# Your task
Each line starting at the one that contains "Black & Maroon" and ending at the one that contains "Black SteadySupport reflective" must be returned exactly, and the rest of the listing is left out.

# Data under study
<<<<

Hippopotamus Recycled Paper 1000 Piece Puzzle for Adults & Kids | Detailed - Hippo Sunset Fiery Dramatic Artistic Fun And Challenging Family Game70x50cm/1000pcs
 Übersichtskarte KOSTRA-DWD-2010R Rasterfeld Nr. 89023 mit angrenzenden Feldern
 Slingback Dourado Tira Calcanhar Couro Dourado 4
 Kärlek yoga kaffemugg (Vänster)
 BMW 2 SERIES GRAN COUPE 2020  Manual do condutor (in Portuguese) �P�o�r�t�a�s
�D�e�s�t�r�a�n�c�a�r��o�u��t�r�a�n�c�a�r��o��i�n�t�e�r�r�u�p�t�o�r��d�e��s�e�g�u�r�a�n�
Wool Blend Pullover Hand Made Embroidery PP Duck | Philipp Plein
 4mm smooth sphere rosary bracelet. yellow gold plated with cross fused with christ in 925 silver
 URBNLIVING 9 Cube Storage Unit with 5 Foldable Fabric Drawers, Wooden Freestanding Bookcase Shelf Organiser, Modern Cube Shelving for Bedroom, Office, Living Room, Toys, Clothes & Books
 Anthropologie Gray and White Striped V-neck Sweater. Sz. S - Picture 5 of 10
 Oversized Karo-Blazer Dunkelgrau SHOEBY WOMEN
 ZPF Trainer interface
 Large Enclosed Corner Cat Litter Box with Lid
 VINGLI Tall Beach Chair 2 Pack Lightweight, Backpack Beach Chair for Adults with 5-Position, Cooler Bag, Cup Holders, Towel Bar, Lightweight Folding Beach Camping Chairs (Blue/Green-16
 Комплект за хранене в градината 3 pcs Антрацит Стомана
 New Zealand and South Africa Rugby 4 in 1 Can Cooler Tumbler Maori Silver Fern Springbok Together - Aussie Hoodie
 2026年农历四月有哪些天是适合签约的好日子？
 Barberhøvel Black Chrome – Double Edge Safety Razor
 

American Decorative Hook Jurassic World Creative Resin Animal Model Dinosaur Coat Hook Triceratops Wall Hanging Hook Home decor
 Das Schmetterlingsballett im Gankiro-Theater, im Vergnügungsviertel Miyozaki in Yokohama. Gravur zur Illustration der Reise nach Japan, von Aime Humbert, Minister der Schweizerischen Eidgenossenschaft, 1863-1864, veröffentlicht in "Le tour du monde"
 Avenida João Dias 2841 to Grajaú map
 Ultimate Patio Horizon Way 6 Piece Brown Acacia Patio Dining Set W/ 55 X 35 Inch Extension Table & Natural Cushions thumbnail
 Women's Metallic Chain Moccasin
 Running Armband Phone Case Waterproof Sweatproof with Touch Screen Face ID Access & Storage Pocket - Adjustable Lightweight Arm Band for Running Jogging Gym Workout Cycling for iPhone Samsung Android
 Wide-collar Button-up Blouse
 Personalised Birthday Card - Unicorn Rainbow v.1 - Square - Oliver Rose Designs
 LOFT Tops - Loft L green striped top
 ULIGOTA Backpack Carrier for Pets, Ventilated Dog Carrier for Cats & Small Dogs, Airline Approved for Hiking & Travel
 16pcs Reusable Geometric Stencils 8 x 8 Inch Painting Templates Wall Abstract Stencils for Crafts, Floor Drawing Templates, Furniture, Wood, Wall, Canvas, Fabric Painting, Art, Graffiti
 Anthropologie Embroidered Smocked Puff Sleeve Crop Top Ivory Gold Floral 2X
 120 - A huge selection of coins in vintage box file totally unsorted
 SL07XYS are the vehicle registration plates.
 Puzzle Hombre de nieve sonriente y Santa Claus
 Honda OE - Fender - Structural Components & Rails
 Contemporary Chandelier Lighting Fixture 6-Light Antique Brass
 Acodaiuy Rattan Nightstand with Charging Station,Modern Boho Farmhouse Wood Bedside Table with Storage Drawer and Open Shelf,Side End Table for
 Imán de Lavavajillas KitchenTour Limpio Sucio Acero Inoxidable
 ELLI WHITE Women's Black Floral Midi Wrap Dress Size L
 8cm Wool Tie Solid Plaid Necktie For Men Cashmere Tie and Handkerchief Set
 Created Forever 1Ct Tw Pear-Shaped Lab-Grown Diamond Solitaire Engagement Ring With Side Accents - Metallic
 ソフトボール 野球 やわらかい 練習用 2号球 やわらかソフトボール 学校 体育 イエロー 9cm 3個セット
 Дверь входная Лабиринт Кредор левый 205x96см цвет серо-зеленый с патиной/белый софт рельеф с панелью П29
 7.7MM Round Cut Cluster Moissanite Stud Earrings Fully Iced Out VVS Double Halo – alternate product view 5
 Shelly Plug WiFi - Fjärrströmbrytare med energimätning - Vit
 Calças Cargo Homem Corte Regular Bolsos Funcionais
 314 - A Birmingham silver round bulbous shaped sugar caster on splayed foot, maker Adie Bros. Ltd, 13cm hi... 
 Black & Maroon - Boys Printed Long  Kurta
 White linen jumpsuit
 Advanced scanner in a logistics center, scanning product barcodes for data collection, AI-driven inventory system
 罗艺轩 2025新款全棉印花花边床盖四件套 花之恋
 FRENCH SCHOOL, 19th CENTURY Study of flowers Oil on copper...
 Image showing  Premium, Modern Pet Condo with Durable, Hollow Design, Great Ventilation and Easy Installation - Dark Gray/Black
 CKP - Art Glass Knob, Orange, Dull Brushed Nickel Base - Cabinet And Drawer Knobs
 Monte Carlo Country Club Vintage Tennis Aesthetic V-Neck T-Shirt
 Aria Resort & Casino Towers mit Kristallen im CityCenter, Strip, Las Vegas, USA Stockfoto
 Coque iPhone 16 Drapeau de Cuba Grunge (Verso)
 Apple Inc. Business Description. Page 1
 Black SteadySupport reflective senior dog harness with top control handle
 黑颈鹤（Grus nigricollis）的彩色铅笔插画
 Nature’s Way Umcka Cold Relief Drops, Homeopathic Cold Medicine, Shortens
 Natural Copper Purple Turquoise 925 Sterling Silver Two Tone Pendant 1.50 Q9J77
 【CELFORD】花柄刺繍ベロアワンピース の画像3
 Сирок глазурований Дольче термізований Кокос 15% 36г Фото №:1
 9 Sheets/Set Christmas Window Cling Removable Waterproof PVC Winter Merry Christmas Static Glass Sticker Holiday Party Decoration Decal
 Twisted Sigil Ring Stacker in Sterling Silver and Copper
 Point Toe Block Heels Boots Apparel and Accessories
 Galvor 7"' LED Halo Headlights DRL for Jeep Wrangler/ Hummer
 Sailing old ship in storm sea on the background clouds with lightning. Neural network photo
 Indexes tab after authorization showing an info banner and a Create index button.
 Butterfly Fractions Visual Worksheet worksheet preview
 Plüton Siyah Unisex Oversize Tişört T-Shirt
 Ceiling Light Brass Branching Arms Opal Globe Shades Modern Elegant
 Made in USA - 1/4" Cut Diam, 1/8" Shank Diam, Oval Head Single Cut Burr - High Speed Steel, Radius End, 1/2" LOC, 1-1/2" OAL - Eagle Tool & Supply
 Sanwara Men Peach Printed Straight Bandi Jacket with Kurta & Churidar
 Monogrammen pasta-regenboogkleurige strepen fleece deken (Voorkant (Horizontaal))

>>>>

# Reply to the exercise
 Black & Maroon - Boys Printed Long  Kurta
 White linen jumpsuit
 Advanced scanner in a logistics center, scanning product barcodes for data collection, AI-driven inventory system
 罗艺轩 2025新款全棉印花花边床盖四件套 花之恋
 FRENCH SCHOOL, 19th CENTURY Study of flowers Oil on copper...
 Image showing  Premium, Modern Pet Condo with Durable, Hollow Design, Great Ventilation and Easy Installation - Dark Gray/Black
 CKP - Art Glass Knob, Orange, Dull Brushed Nickel Base - Cabinet And Drawer Knobs
 Monte Carlo Country Club Vintage Tennis Aesthetic V-Neck T-Shirt
 Aria Resort & Casino Towers mit Kristallen im CityCenter, Strip, Las Vegas, USA Stockfoto
 Coque iPhone 16 Drapeau de Cuba Grunge (Verso)
 Apple Inc. Business Description. Page 1
 Black SteadySupport reflective senior dog harness with top control handle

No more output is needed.